What type of fish do you usually bbq? We usually bbq snoek,angelfish or tuna but DH barbequed normal hake on Thursday and it came out great - who would have thought?


----------



## TanyaK (Dec 7, 2007)

I attached the photo of the fish but instead my profile photo came up - anyone know what I did wrong? I'm feeling a bit technology challenged today


----------



## Uncle Bob (Dec 7, 2007)

I usually do Salmon, and Tuna. I have also done tilapia, catfish, shark, cod, and a few others with success. Oh! and swordfish..one of my favorites!! Yum!


----------



## Loprraine (Dec 7, 2007)

Salmon and halibut here.  At the cottage, it used to be fresh brook trout.


----------



## TanyaK (Dec 7, 2007)

Here's the photo I tried to attach earlier


----------



## Paymaster (Dec 7, 2007)

Looks good!!!!!!!


----------



## Renee Attili (Dec 7, 2007)

Uncle Bob said:


> I usually do Salmon, and Tuna. I have also done tilapia, catfish, shark, cod, and a few others with success. Oh! and swordfish..one of my favorites!! Yum!

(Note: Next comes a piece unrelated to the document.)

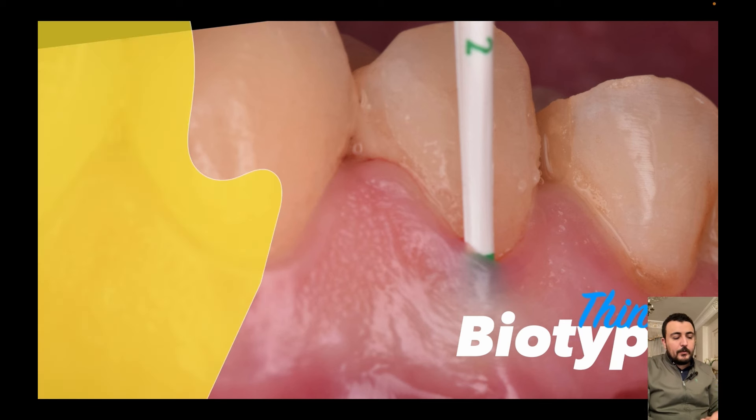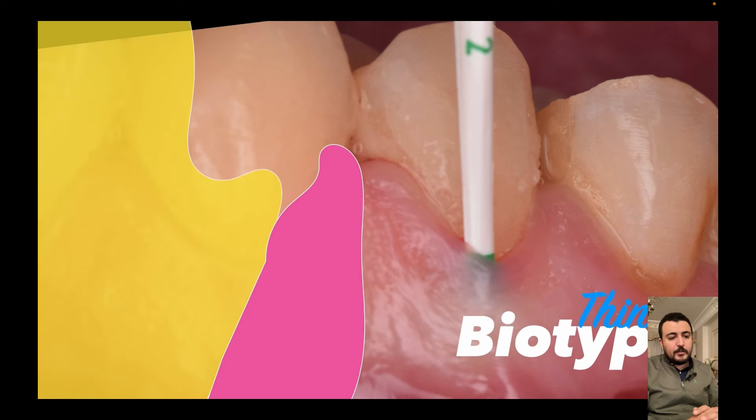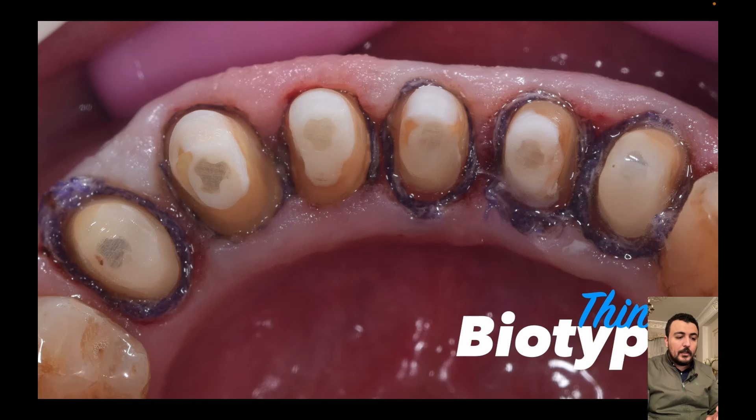Moving to another situation in which we have a very thin biotype gingival tissue. In this situation, placing a single cord might not be enough for achieving good retraction, and the soft tissue might collapse over the margin and over the retraction cord. Using a larger cord or double cord technique might cause heavy pressure and trauma to the soft tissue with subsequent gingival height loss and permanent recession. In the mandibular anterior zone, mandibular pre-molar zone, and also the maxillary canine zone, gingival tissue is very thin, especially from the buccal side.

Yeah me too what Uncle Bob said


----------



## BBQ Mikey (Dec 9, 2007)

Swordfish and Tilapia are sure fire.  Swordfish is more robust and tilapia is lighter which does better with a sweet sauce.  Swordfish is good with a heavier sauce but does well with lighter sauces too.


----------



## mbasiszta (Apr 16, 2008)

*Smokey fish tastes great!*



Uncle Bob said:


> I usually do Salmon, and Tuna. I have also done tilapia, catfish, shark, cod, and a few others with success. Oh! and swordfish..one of my favorites!! Yum!


Bob, you hint at what I believe: just about any fish can have its flavor
enhanced by a little smoke flavor. I still am very careful not to overdo
either the smoke or the cooking time. Fish should never be over-done.
Well, unless you want to "jerk" it.


----------



## AllenOK (Apr 17, 2008)

I won't grill (BBQ for the original poster) any fish that is extremely flaky in texture, such as walleye, lake perch, cod, or sole.  Tilapia is borderline for me.

However, catfish, swordfish, halibut, tuna, kajiki, opah, mong chong, grouper, and barramundi I will grill.


----------



## mbasiszta (Apr 17, 2008)

AllenOK said:


> I won't grill (BBQ for the original poster) any fish that is extremely flaky in texture, such as walleye, lake perch, cod, or sole. Tilapia is borderline for me. However, catfish, swordfish, halibut, tuna, kajiki, opah, mong chong, grouper, and barramundi I will grill.


Hmmm, now Cod I like smoked. Any of the mackeral family is great smoked or grilled. How do you get Barramundi in Oklahoma? I only know them in Australia. They are a great fighter and a great eating fish.


----------